**WORK TO COMPLETE**. Exactly as written, copy every line from the one containing "A decisive bearish" through the end of the records, with the pictures left out.

**SOURCE MATERIAL**.
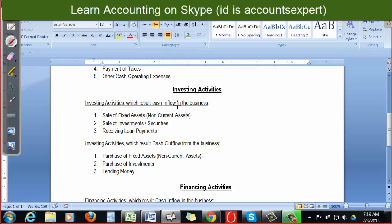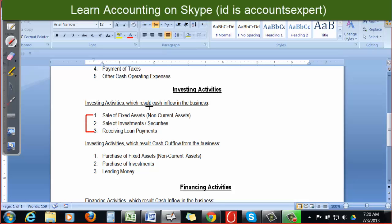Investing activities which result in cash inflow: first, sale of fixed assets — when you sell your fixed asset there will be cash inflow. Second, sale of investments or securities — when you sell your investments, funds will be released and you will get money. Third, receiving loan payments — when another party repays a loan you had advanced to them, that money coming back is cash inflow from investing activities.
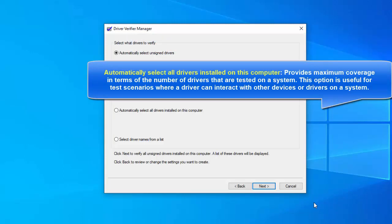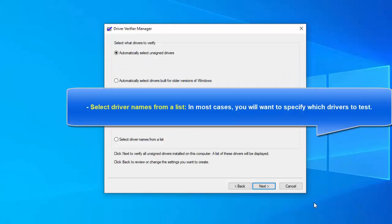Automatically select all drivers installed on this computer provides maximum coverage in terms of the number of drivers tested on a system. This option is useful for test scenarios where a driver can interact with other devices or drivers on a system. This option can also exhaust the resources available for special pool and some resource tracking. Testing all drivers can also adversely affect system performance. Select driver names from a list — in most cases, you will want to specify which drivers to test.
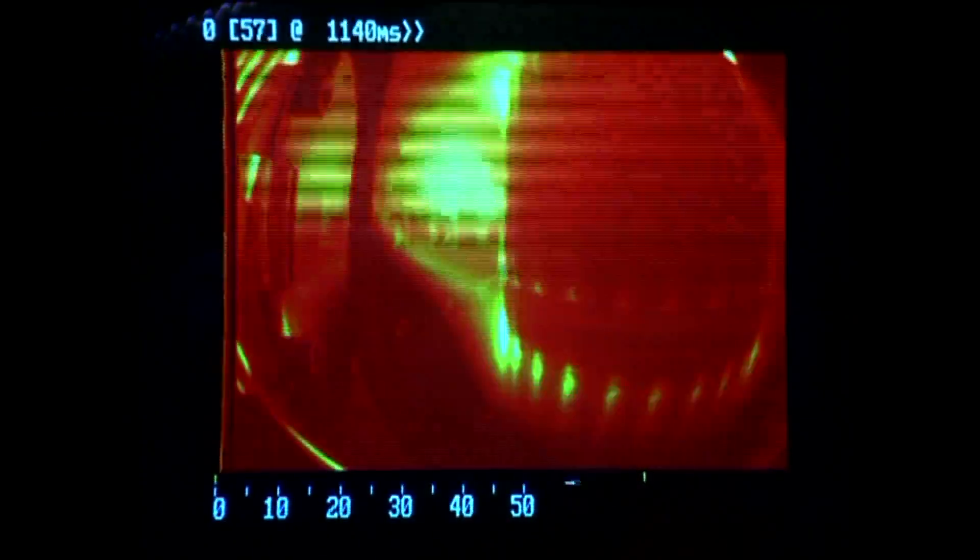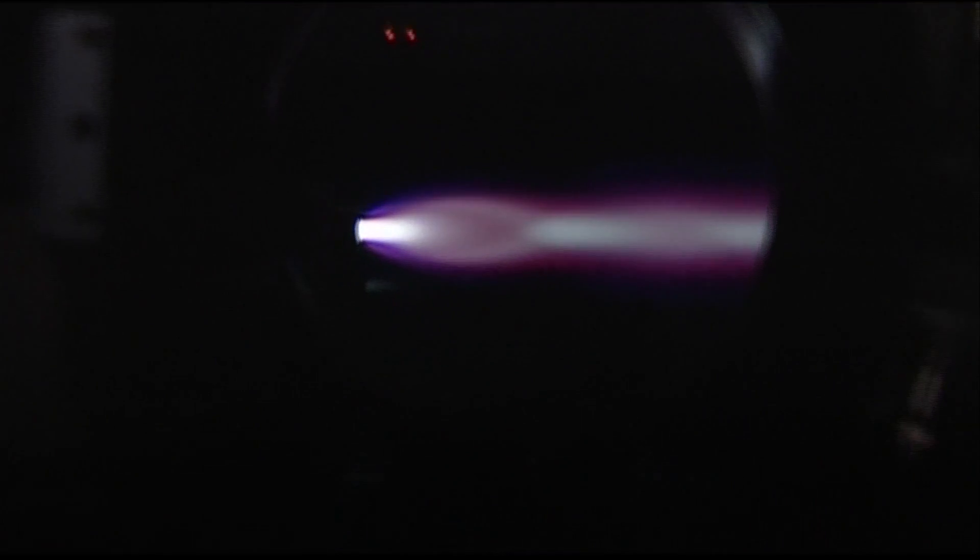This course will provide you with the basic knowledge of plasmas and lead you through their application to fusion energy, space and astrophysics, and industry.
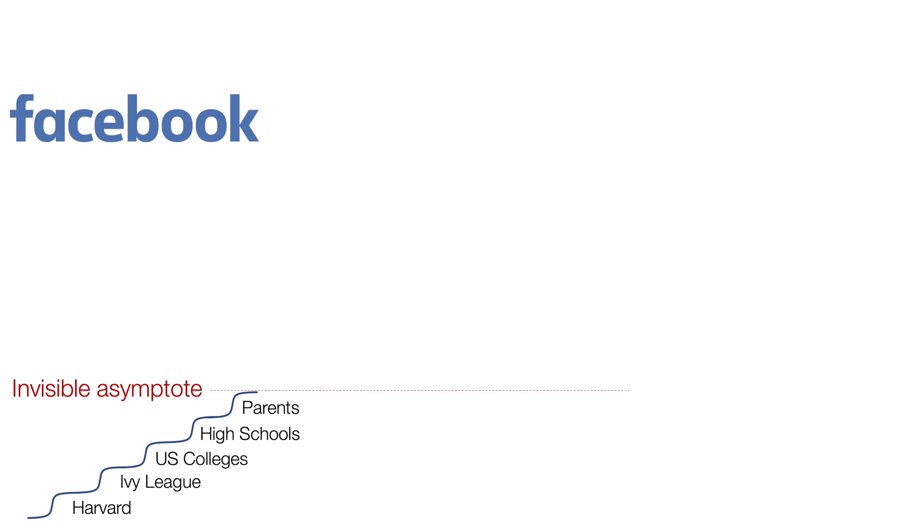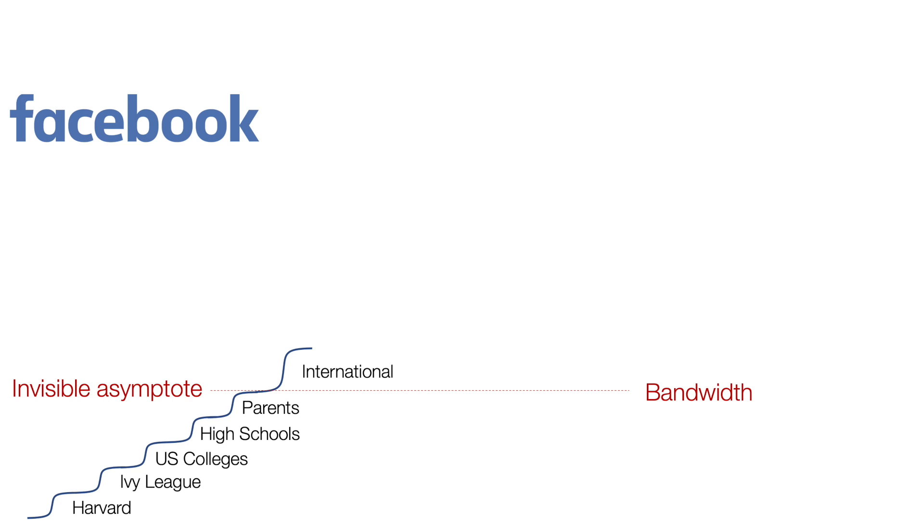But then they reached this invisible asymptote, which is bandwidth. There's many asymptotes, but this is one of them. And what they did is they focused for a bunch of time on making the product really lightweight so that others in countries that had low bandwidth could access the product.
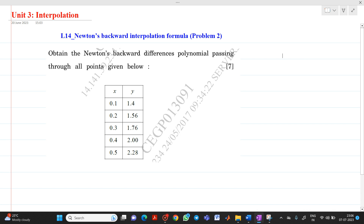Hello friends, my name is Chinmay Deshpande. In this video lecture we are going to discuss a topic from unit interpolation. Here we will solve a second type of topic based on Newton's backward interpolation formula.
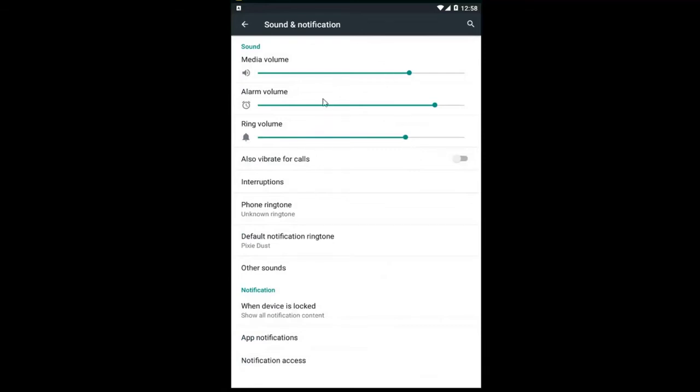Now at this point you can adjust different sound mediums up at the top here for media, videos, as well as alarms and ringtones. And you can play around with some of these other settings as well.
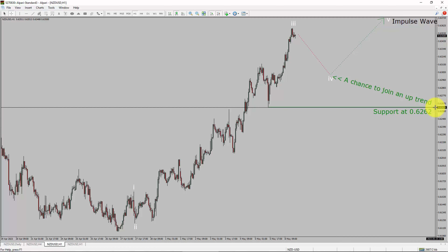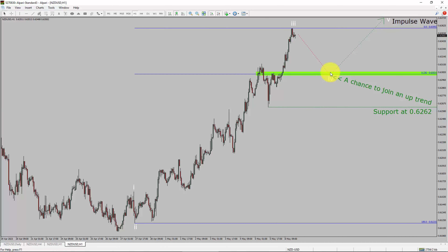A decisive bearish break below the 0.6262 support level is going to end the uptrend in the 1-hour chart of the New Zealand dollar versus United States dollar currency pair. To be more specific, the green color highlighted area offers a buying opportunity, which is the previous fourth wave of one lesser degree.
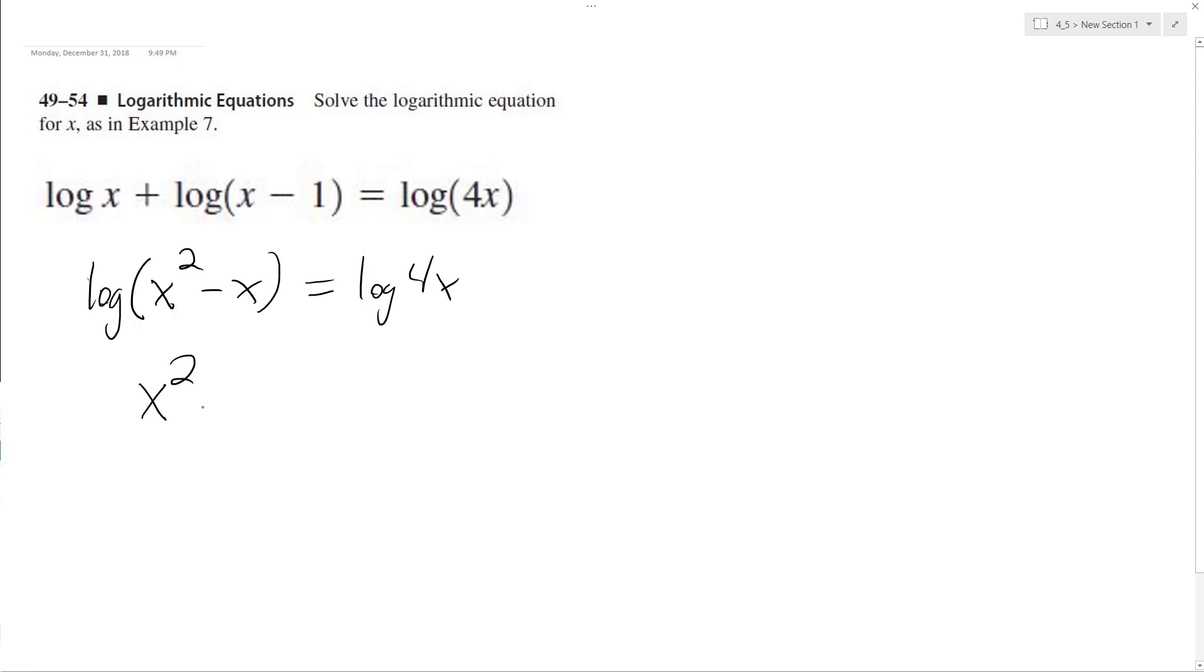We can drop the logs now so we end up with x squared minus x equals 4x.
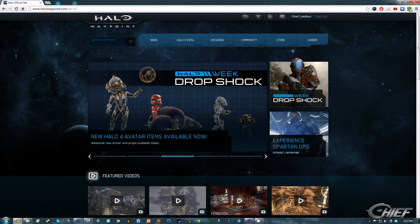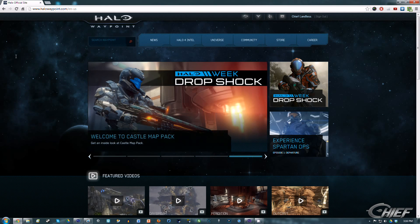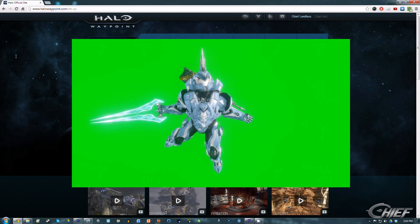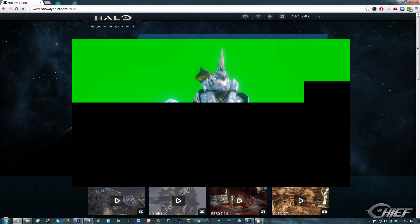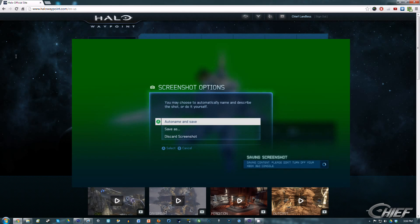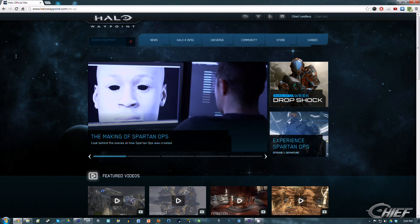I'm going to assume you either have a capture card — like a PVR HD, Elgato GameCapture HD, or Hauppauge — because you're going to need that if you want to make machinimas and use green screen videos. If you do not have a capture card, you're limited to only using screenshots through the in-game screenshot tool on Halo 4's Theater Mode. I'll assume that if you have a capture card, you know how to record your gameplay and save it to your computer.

**OUTPUT BELOW**.
A decisive bearish break below the 0.6262 support level is going to end the uptrend in the 1-hour chart of the New Zealand dollar versus United States dollar currency pair. To be more specific, the green color highlighted area offers a buying opportunity, which is the previous fourth wave of one lesser degree.
We can drop the logs now so we end up with x squared minus x equals 4x.
I'm going to assume you either have a capture card — like a PVR HD, Elgato GameCapture HD, or Hauppauge — because you're going to need that if you want to make machinimas and use green screen videos. If you do not have a capture card, you're limited to only using screenshots through the in-game screenshot tool on Halo 4's Theater Mode. I'll assume that if you have a capture card, you know how to record your gameplay and save it to your computer.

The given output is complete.